MATERIAL SHOWN: Begin
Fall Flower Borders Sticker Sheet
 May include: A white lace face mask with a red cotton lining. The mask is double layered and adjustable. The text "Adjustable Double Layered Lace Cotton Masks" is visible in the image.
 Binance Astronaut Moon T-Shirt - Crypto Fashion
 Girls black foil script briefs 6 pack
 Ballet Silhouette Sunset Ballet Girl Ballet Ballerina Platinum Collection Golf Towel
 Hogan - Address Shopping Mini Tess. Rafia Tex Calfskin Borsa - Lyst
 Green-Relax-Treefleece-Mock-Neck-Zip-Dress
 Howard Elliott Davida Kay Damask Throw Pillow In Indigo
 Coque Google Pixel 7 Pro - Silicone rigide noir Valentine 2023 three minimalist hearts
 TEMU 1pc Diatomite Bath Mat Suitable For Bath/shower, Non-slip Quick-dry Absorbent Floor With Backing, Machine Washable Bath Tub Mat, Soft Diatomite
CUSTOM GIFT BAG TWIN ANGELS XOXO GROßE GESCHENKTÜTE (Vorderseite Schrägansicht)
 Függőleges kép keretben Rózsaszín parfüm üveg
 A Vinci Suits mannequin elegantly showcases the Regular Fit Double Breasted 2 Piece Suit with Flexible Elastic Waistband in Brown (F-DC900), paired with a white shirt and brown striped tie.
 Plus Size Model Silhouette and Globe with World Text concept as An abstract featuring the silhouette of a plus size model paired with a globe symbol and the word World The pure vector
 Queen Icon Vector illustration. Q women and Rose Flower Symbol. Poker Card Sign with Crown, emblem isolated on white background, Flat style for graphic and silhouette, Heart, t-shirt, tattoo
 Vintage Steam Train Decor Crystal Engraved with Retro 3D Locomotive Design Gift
MATERIAL SHOWN: End
* _DIRECTIONS FOR THIS TASK_: Please return exactly the lines from the one containing "Coque Google Pixel" through the end of the entries above, adding no other line.

* _FINAL ANSWER_:
 Coque Google Pixel 7 Pro - Silicone rigide noir Valentine 2023 three minimalist hearts
 TEMU 1pc Diatomite Bath Mat Suitable For Bath/shower, Non-slip Quick-dry Absorbent Floor With Backing, Machine Washable Bath Tub Mat, Soft Diatomite
CUSTOM GIFT BAG TWIN ANGELS XOXO GROßE GESCHENKTÜTE (Vorderseite Schrägansicht)
 Függőleges kép keretben Rózsaszín parfüm üveg
 A Vinci Suits mannequin elegantly showcases the Regular Fit Double Breasted 2 Piece Suit with Flexible Elastic Waistband in Brown (F-DC900), paired with a white shirt and brown striped tie.
 Plus Size Model Silhouette and Globe with World Text concept as An abstract featuring the silhouette of a plus size model paired with a globe symbol and the word World The pure vector
 Queen Icon Vector illustration. Q women and Rose Flower Symbol. Poker Card Sign with Crown, emblem isolated on white background, Flat style for graphic and silhouette, Heart, t-shirt, tattoo
 Vintage Steam Train Decor Crystal Engraved with Retro 3D Locomotive Design Gift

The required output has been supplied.